Retail grocery is not always the best place for an early-stage CPG product. In fact, it very well could be the worst. Most stores have over 35,000 SKUs. As a new brand, you have to find your way onto the shelf, somehow interrupt consumers’ habitual shopping behaviors and hopefully find your way into their shopping carts. That is not easy. There is a massive brand graveyard out there littered with those that have come before, tried and failed.
How do you determine if retail grocery is the right channel strategy? There is no simple answer, but there are a few variables to examine. The first is the need-state. If you want consumers to discover your brand, doesn’t it make sense to be available where and when the need is most acute? A second consideration is the ability to drive trial. A third is the cost of driving that trial.

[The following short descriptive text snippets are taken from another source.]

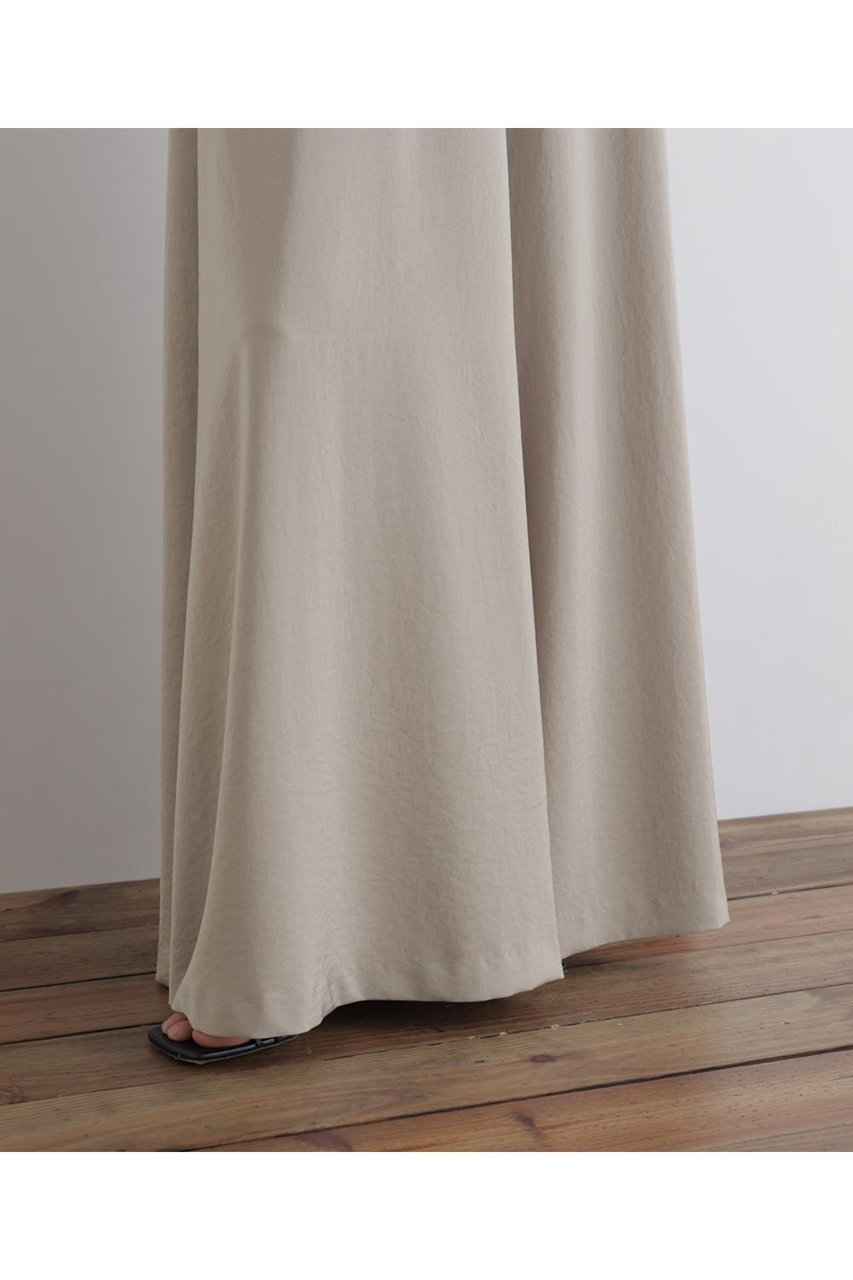 【ル フィル/LE PHIL】のライトサテンギャザーワイドパンツ 人気、トレンドファッション・服の通販 founy(ファニー) 　ファッション　Fashion　レディースファッション　Fashion for Women　パンツ　Pants & Trousers　エレガント 上品　Elegant　ギャザー　Gathered, Ruffled　ジャケット　Jacket, Outerwear　スタンダード　Standard, Basic　ドレープ　Drape, Draping Fabric　バランス　Balance, Style Balance　フィット　Fit, Slim Fit　フェミニン　Feminine, Girly　ワイド　Wide, Wide Fit　新作・新入荷　New Arrivals / New In　other-8|ID: prp329100004877394 ipo3291000000036382565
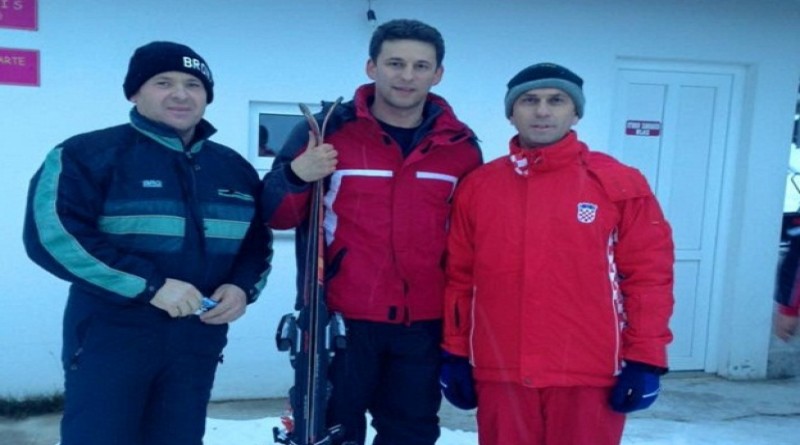 Božo Petrov skija na Kupresu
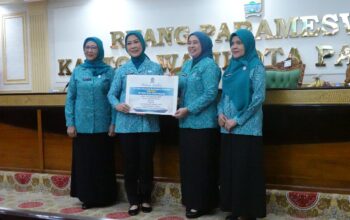 Ketua TP PKK Sumsel Feby Herman Deru Kunker ke Palembang, Perkuat Sinergi PKK dan Dekranasda untuk Rawat Produk Lokal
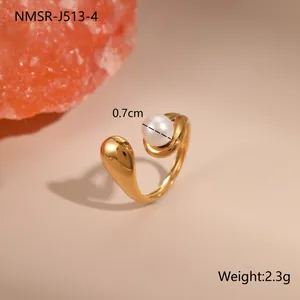 Detailansicht goldener offener Ring mit 0,7cm Perle und Gewichtsangabe 2,3g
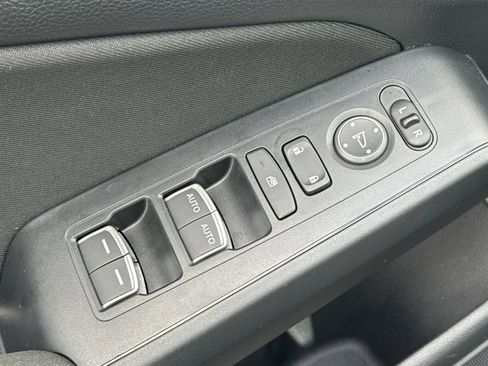 Used 2025 Honda Civic Sport image 14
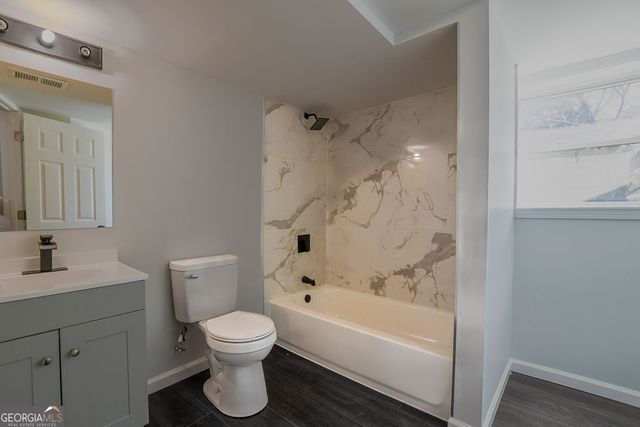 5186 Flemish Court, Atlanta, GA 30349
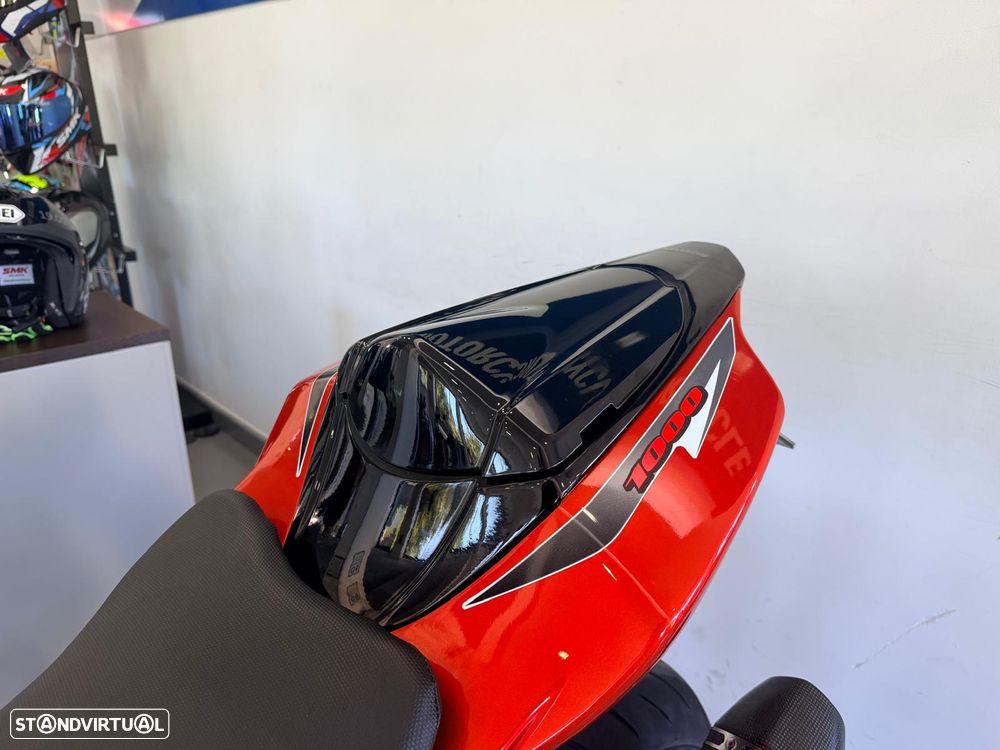 Suzuki GSX-R 1000 - 11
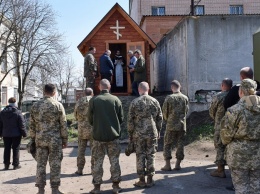 К Пасхе бойцам ОТГ "Луганск" построили новую часовню (Фото)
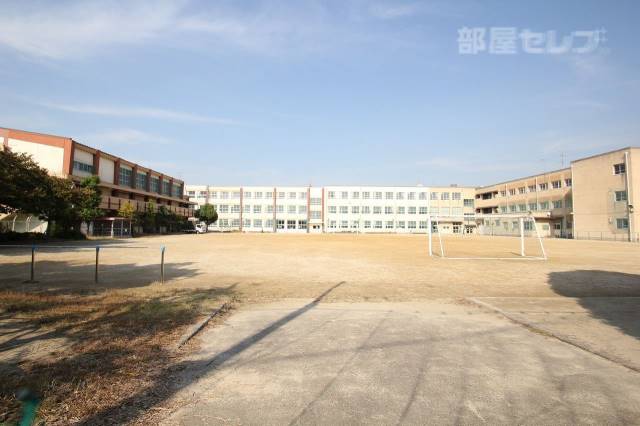 小学校　千成小学校（小学校）まで304m
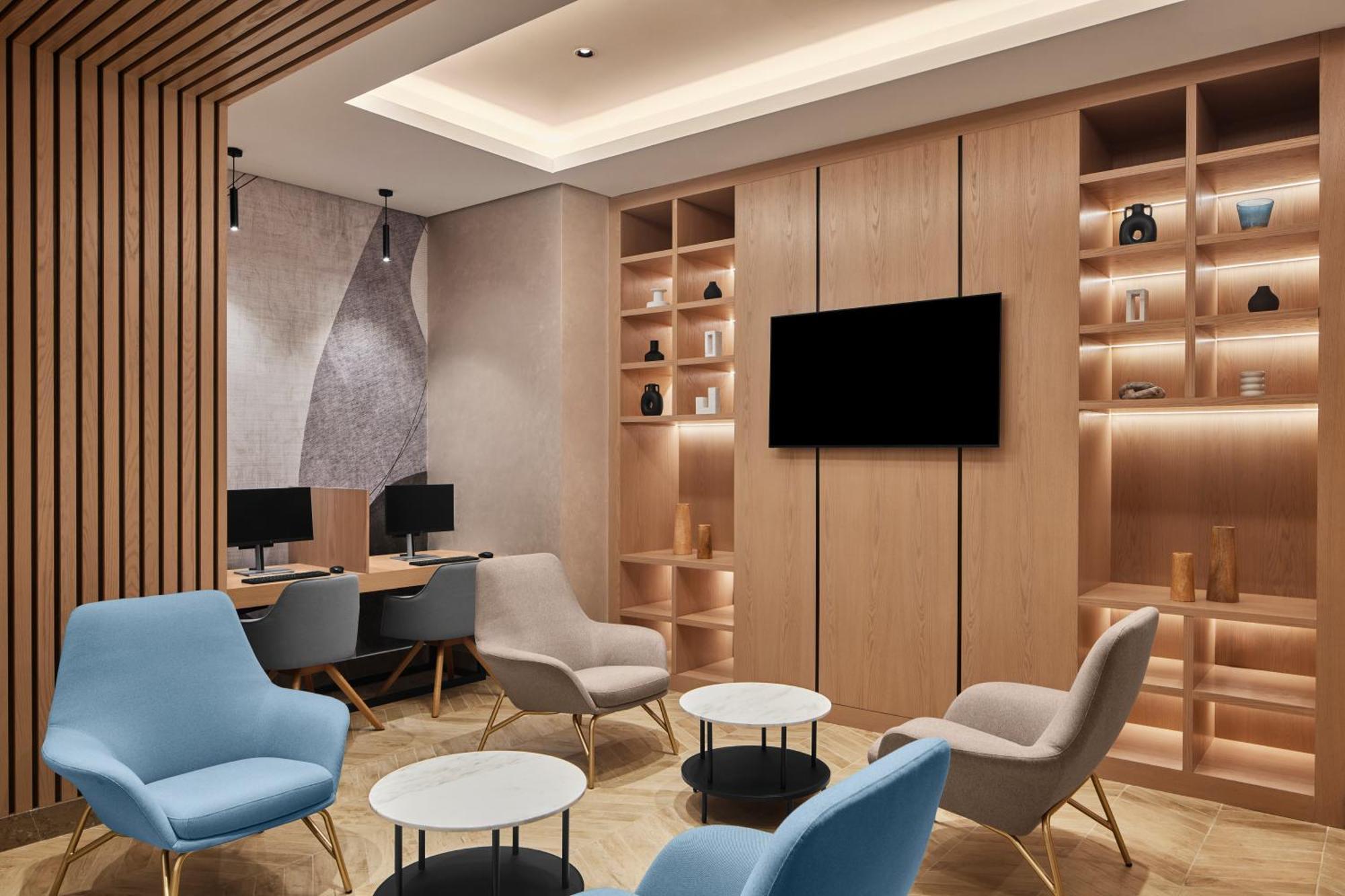 Courtyard By Marriott Makkah Hotel Mecca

Let me illustrate. Better Breakfast (fictitious), a brand aimed at capitalizing on the snackification of the American diet, is introducing a line of nutrient-dense breakfast bites. But, where do they launch? If they go into retail, they likely will find themselves either in the breakfast aisle positioned by the low-cost breakfast bars or in the very crowded nutritional bar set. Neither is an ideal place for discovery and most people aren’t shopping the breakfast aisle with the intent of eating breakfast right then and there. Simply stated, the need is not acute.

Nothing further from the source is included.